HOW TO COMPLETE THIS TASK
Please reproduce all of the data exactly as it appears, but skip the pictures.
(Beginning of RECORDED DATA)
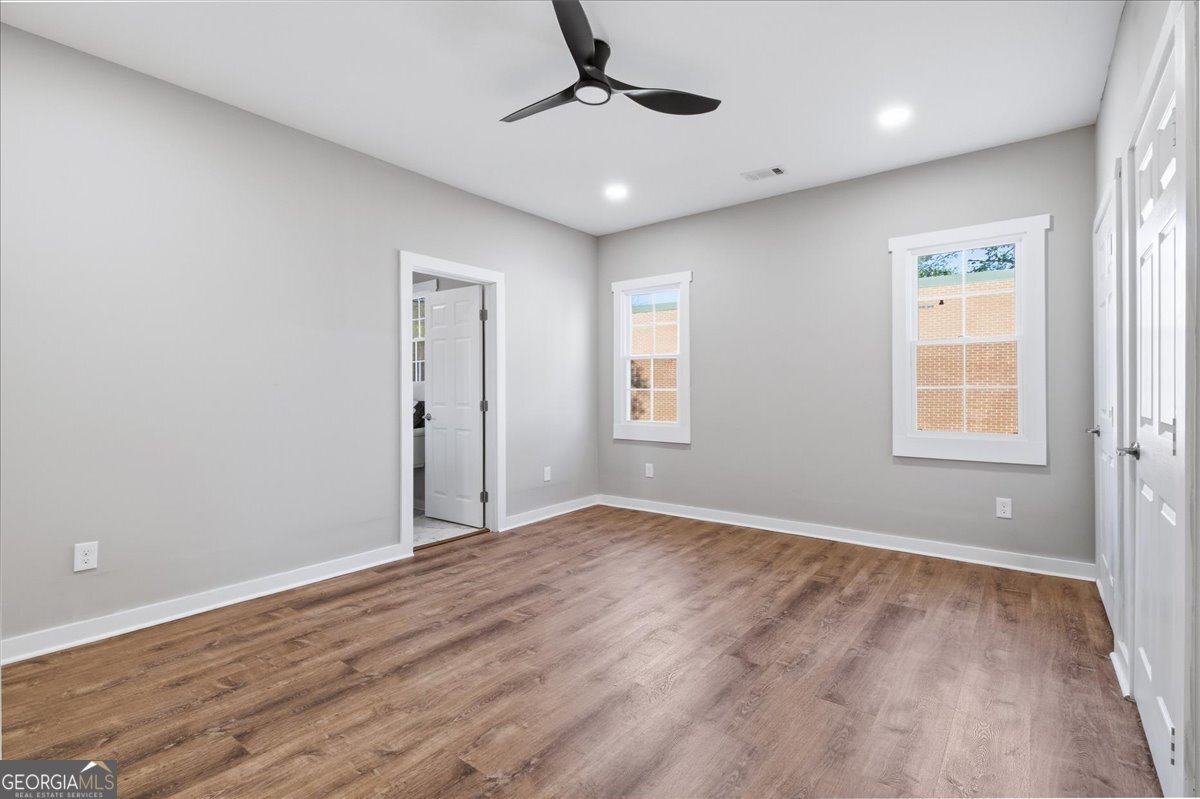 2955 Point Street Atlanta - 14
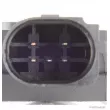 Vanne EGR HERTH+BUSS JAKOPARTS J5690511 - Visuel 2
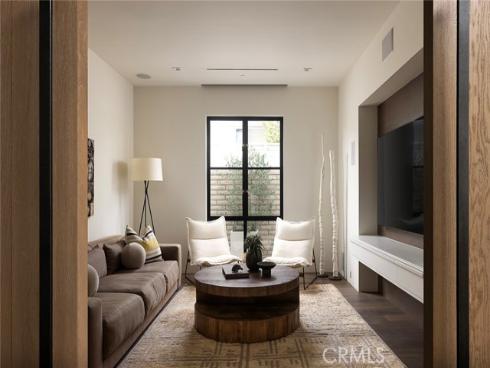 624  Ramona  , Corona del Mar, CA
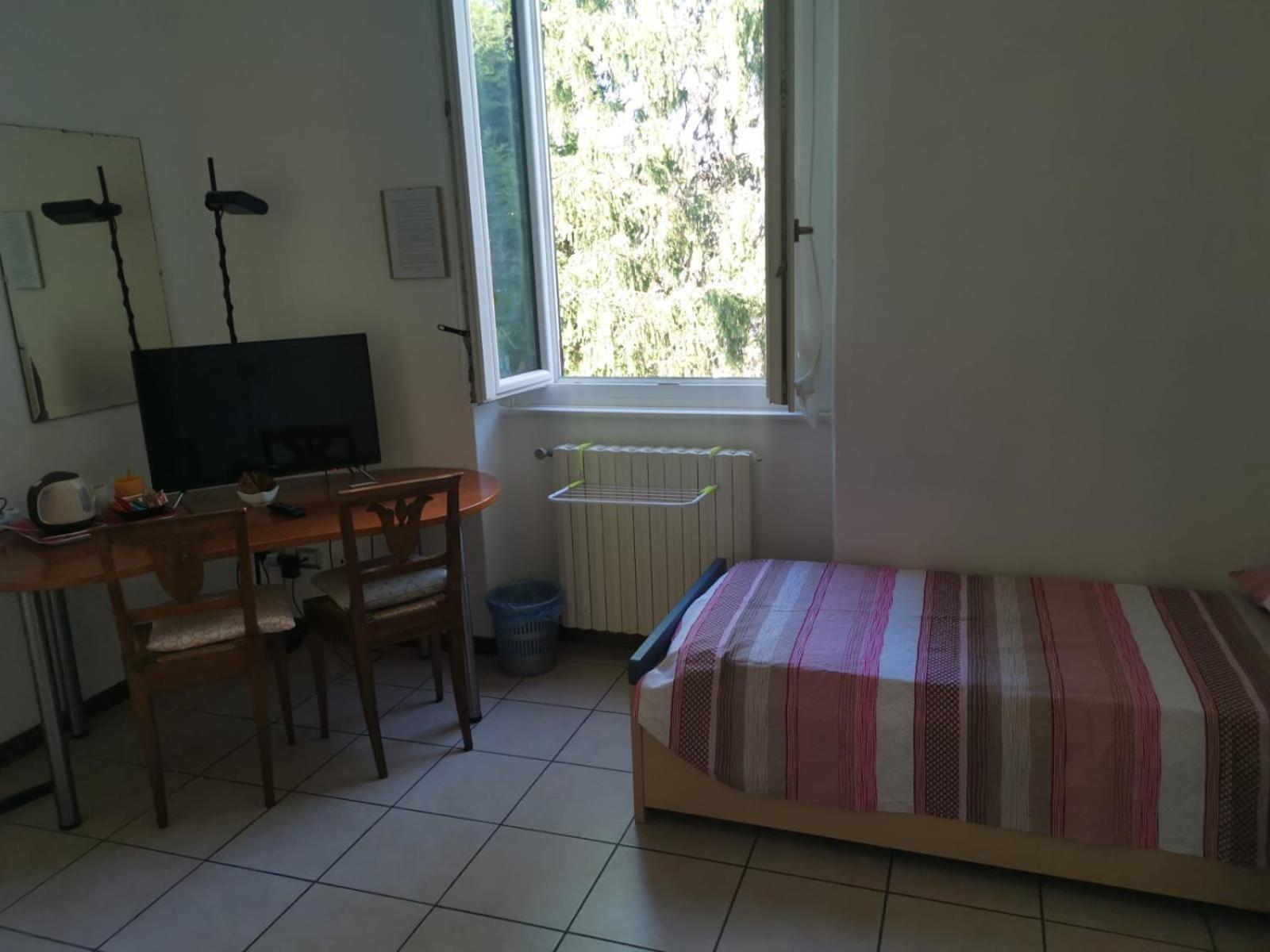Photo 28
(End of RECORDED DATA)
ANSWER TO THE EXERCISE
 2955 Point Street Atlanta - 14
 Vanne EGR HERTH+BUSS JAKOPARTS J5690511 - Visuel 2
 624  Ramona  , Corona del Mar, CA
Photo 28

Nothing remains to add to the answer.